Грустная дама червей
Шрифт:
— Ладно, буду ждать, — проговорила Верка немного растерянно, уловив металл в Каринином голосе. — Целую.
Карина повесила трубку.
Вог все и сладилось само собой. Теперь у нее есть четкий срок — начало апреля.
Теперь Карина легко сможет объяснить Олегу, а главное Леле, свой отъезд: нужно помочь подруге нянчить ребенка. Именно об этом, кажется, мечтала она прошлой осенью, только малыш должен был быть Лелиным.
А будет Веркин. Главное — уехать отсюда, перестать видеть Олега, работать вместе с ним, играть концерты,
Она машинально глянула на стену, где висел отрывной календарь. Двадцатое февраля. Значит, ей осталось немногим больше месяца.

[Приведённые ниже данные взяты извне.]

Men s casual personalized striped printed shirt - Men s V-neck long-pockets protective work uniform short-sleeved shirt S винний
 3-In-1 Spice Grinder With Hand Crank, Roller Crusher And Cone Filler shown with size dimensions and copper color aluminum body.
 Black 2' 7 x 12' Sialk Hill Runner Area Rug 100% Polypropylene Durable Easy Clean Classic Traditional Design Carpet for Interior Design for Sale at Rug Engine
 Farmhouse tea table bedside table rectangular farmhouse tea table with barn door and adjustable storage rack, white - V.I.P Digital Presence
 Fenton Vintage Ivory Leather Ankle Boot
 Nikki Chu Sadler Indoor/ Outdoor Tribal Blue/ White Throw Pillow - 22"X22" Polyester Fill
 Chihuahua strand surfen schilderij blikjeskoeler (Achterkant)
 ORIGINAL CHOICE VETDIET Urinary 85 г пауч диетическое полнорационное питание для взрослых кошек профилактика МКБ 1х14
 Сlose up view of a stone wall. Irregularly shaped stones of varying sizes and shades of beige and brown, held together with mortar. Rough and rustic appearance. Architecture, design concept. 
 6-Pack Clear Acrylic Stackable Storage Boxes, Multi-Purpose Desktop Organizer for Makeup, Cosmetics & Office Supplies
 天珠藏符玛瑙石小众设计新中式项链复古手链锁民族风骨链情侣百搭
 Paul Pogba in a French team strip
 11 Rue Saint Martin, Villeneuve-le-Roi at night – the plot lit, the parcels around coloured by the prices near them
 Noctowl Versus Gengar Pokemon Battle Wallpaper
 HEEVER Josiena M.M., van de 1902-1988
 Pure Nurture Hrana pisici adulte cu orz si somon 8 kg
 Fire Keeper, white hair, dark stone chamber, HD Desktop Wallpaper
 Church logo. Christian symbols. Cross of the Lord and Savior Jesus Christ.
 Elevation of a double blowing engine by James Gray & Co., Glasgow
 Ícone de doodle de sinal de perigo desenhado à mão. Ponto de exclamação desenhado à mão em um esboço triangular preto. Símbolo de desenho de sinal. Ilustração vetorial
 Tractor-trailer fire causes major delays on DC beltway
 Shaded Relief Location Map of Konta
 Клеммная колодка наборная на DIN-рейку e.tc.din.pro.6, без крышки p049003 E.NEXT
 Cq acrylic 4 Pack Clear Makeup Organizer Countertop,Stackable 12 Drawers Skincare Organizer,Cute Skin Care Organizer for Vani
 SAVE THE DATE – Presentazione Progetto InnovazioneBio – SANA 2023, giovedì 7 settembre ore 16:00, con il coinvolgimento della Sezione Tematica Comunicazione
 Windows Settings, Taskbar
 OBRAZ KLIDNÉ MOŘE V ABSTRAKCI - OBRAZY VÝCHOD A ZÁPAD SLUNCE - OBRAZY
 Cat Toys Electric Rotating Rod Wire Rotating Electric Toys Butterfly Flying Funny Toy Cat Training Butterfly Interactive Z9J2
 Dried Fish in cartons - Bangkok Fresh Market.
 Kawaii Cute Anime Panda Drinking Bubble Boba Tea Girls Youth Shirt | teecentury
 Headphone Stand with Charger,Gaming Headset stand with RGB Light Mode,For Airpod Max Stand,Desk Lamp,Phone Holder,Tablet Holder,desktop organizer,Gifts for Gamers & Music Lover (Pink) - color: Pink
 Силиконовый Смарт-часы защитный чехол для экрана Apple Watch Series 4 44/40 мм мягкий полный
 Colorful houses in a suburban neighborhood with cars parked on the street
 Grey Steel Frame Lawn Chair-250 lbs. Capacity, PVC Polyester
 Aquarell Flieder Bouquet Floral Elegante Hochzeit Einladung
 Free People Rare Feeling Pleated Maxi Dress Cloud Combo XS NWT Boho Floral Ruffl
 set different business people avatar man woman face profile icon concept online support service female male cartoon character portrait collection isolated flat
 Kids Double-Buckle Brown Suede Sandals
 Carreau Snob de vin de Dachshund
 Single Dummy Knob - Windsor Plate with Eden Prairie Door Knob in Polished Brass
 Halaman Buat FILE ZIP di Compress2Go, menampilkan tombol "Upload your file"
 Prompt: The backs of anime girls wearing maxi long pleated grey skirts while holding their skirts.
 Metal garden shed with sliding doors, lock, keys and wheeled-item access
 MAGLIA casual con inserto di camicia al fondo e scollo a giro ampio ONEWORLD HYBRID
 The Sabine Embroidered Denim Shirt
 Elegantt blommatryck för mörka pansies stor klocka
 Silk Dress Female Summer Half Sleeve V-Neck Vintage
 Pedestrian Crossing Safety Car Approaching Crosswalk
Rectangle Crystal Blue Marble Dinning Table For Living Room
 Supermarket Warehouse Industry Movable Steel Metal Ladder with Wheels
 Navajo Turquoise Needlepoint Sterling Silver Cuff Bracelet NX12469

Карина решительно распахнула бар, где у нее в одиночестве стояла почти полная бутылка дорогого коньяка, некогда принесенного Сашей. Достала рюмку, наполнила ее до краев, выпила залпом, сдерживая мучительный спазм в горле. Затем еще одну, и еще.
По телу разлилось блаженное тепло, голову окутал ватный туман, и не осталось в ней ни одной горькой мысли.
Что-то весело напевая себе под нос, Карина нетвердым шагом прошла в спальню, достала из тумбочки альбом с фотографией Степана, раскрыла.
— Ну что? — подмигнула она снимку. — Ты меня бросил? Бросил? А я… я брошу его! Да, брошу, не буду дожидаться, пока со мной проделают это во второй раз. Вот так. — Она кинула альбом на кровать, не удержала равновесия и плюхнулась туда сама.
«Да ведь я пьяна в стельку», — мелькнуло у нее в голове, и тут же Карина громко, нараспев повторила:
— Да, я пьяная, пьяная. И очень хорошо, зато мне лете, зато я довольная.
Она почувствовала легкую тошноту и, с трудом дотянувшись до подушки, сунула её себе под голову.
— Вот так, хорошо, — приговаривала Карина, — а теперь спать…
Громко и требовательно затренькал звонок.
— Нет, — она покачала головой, — нет, нет. Я не могу. Спать… — А сама уже неуклюже вставала, отыскивая под кроватью шлепанцы.
Коридор качался, качалась люстра наверху, зеркало в углу поблескивало таинственно и заманчиво, точно гладь лесного озера. Карина, спотыкаясь и хватаясь руками за мебель, добралась до двери, отодвинула щеколду.
— Каришенька, я на минутку, — Леля, едва не протаранив ее огромным, острым животом, протиснулась в прихожую, — у тебя ничего нет от головной боли?
— От головной боли? — медленно проговаривая слова, повторила Карина, опираясь на всякий случай ладонью о стену. — Есть, кажется. В спальне, на тумбочке…
Тут ее желудок пронзила резкая, подобная удару ножа, боль. Карина охнула и согнулась пополам.
— Что с тобой? — испуганно пробормотала Леля и повела носом. — Ты пила? Много?
— Угу. — Карина скрючилась от нового приступа и распахнула дверь ванной.
— Тошнит? — сочувственно поинтересовалась Леля. — Надо умыться холодной водичкой. Помочь тебе?
— Н-нет, — с трудом выдавила Карина. — Я сама. Иди возьми таблетку. Там… — махнула она рукой.
Леля
Постепенно дурнота отпускала, перед глазами перестали мелькать разноцветные блики, пол и потолок остановились.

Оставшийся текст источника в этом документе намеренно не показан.